884 So. 2d at 834 (emphasis added).

As an employee of Killian and its agent for the sports-complex project, Mills is clearly "closely related" to the subcontract. Furthermore, the claims against Mills are "related to" and "intertwined with" the subcontract. The claims against Mills concern additional work Woerner performed at the sports complex allegedly for Killian at Mills's request. Based on Woerner's allegations, the fact that the additional work was not included in the original work to be performed under the subcontract does not preclude Mills from enforcing the outbound forum-selection clause. The outbound forum-selection clause expressly states that "[a]ny dispute arising under or related to this Subcontract Agreement, the performance of work or provision of any materials pursuant hereto, shall be brought only in state court in Greene County, State of Missouri." (Emphasis added.) This Court has held that "[t]he term 'arising out of or relating to' has a broad application." Unum Life Ins. Co. of America v. Wright, 897 So. 2d 1059, 1086 (Ala. 2004). The claims against Mills as presented by Woerner arise under or relate to the subcontract, and, accordingly, Mills can enforce the outbound forum-selection clause. Thus, we do not reach the issue whether enforcement of the clause as to Killian, but not Mills, would result in serious inconvenience.

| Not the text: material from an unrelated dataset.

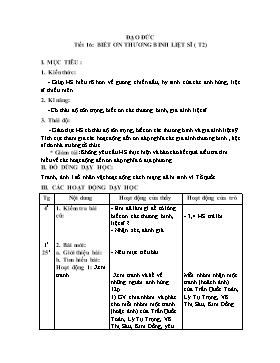 Giáo án Đạo đức 3 - Tiết 16 đến tiết 20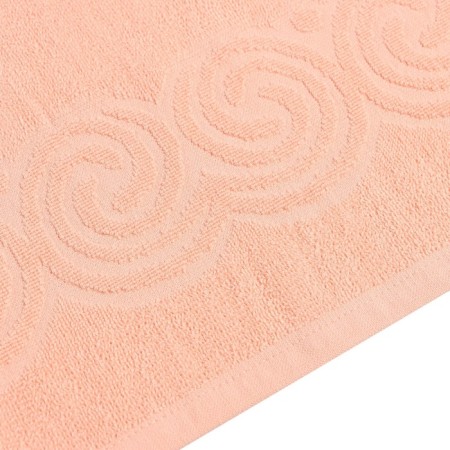 Terry Love Life Border, 30x60 cm, peach color, 100% cotton, 380 g/m2-2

The foregoing arguments constituted the only reasons Woerner presented to the circuit court as to why the outbound forum-selection clause should not be enforced. Before this Court, Woerner presents an entirely new argument as his primary reason why this Court should agree with the circuit court's decision not to enforce the forum-selection clause. He contends that Killian and Mills waived their right to enforce the outbound forum-selection clause by not initially invoking the forum-selection clause and instead

"improperly remov[ing] this case to the United States District Court for the Southern District of Alabama. The improper removal resulted in an over nine-month delay during which [Killian and Mills] participated in substantial litigation in federal court seeking to oust the circuit court from its lawful jurisdiction. [Woerner] was able to defeat [Killian and Mills's] false allegations of Mills's citizenship but doing so took many months and a full-blown bench trial on the citizenship issue. ... Here, the writ should be denied on our particular facts."
Woerner's brief, pp. 13-14.

As Woerner notes, this Court has stated:

"[A] party may waive its right to enforce a forum-selection clause, as it may with other contract provisions, by evincing an intention to do
so. We note that no rigid rule exists for determining what constitutes a waiver of the right to enforce a forum-selection clause; the determination whether there has been a waiver must, instead, be based on the particular facts of each case."
Ex parte Spencer, 111 So. 3d 713, 718 (Ala. 2012).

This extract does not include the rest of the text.